IMO this is a strong argument for proper threads over async: you can try and gue...

dan-robertson · on Aug 24, 2024

I don’t find this argument super strong, fwiw. It could just mean ‘be wary of doing blocking operations with async, and note map makes reading memory blocking (paging in) and writing memory blocking (CoW pages)’

I think there are reasons to be wary but to me, debugging comes first (this goes two ways though: if you have a single ‘actual’ thread then many races can’t happen) because debuggers/traces/… work better on non-async code. Performance comes second but it’s complicated. The big cost with threads is heavy context switches and per-thread memory. The big cost with async is losing cpu locality (because many syscalls on Linux won’t lead to your thread yielding, and the core your thread is on will likely have more of the relevant information and lots of cache to take advantage of when the syscall returns[1]) and spending more on coordination. Without io_uring, you end up sending out your syscall work (nonblocking fd ops excepted) to some thread pool to eventually pick up (likely via some futex) load into cache, send to the os on some random core, and then send back to you in a way that you will notice such that the next step can be (internally) scheduled. It can be hard to keep a handle on the latency added by all that indirection. The third reason I have to be wary of async is that it can be harder to track resource usage when you have a big bag of async stuff going on at once. With threads there is some sense in which you can limit per-thread cost and then limit the number of threads. I find this third reason quite weak.

All that said, it seems pretty clear that async provides a lot of value, especially for ‘single-threaded’ (I use this phrase in a loose sense) contexts like JavaScript or Python where you can reduce some multithreading pain. And I remain excited for io_uring based async to pick up steam.

[1] there’s this thing people say about the context switching in and out of kernel space for a syscall being very expensive. See for example the first graph here: https://www.usenix.org/legacy/events/osdi10/tech/full_papers... . But I think it isn’t really very true these days (maybe spectre & co mitigations changed that?) at least on Linux.

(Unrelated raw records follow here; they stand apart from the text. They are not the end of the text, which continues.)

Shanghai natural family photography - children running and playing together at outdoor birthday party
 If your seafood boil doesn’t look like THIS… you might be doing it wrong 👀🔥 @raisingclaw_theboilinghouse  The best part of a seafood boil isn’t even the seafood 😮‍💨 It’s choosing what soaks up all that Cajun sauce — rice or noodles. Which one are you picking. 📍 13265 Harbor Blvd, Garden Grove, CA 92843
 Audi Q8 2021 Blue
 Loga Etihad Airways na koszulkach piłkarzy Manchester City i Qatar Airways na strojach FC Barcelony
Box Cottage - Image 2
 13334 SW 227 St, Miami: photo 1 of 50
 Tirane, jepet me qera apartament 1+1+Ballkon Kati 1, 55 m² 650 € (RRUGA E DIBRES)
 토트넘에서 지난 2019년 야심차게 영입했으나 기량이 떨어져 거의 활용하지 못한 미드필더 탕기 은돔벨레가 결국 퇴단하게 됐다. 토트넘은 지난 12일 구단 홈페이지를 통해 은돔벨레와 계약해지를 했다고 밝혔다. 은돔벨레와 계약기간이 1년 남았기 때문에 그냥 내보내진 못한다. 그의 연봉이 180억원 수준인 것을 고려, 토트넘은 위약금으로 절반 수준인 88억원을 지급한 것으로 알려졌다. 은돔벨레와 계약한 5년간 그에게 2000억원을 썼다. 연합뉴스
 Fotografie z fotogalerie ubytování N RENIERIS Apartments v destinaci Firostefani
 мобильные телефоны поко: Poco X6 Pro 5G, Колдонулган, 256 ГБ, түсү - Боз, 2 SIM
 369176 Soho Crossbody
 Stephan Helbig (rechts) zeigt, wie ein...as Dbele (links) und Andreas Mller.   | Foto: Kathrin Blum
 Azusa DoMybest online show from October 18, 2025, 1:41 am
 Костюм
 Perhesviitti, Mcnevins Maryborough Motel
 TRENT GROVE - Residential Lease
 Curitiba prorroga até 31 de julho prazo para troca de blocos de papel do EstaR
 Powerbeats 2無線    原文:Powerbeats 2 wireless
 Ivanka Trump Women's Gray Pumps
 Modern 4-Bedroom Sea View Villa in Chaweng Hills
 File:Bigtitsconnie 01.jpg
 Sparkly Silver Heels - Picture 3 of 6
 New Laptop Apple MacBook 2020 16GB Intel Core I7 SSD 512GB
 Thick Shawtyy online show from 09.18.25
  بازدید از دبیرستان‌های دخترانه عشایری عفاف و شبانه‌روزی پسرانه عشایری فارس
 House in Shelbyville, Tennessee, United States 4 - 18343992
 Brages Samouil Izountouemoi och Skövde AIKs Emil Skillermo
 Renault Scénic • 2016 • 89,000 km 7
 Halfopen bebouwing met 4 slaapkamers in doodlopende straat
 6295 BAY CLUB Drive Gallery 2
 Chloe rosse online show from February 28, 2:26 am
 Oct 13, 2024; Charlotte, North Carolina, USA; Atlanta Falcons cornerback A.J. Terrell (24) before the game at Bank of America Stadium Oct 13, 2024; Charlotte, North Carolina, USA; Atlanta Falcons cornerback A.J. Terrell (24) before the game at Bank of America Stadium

dathinab · on Aug 25, 2024

It isn't.

Async is for tasks dominated by waiting, e.g. http serving, not computations. This means it's extremely rare to run into mmap blocking related issues if you don't do something strange.

Furthermore async doesn't exclude multi threading:

- having multi threaded worker threads in addition to CPU threads is pretty normal

- having multiple async threads potentially with cross core work stealing is also the nrom

I.e. if you just follow basic advice the huge majority of task interacting in any potential performance problematic way will not be run in async task even if you write an async web server.

> but you'll never fully match reality and you end up wasting resources when an executor blocks when you weren't expecting

and you wast tons of resources always even without doing something unusual with non async IO _iff_ it's about waiting dominated tasks as you have way more management overhead

furthermore in more realistic cases it's quite common that some unplanned blocking is mainly casing latency issues (which in worst case could case timeouts) but due async engines still using multi threading it not leading relevant utilization issues. That is if it's just some unplanned blocking. If you do obviously wrong things like processing large files in async tasks things can be different.

An argument against async is that depending what you use it can add complexity and that a lot of use-cases don't benefit form it's benefits enough to make it a reasonable choice. Through that is also a bit language dependent. E.g. JS is already anyway coperative in your program and using async makes things simpler here (as the alternative are callbacks). Or in pythons with GIL the perf. gain of async are much higher compared to the gains in idk. C++.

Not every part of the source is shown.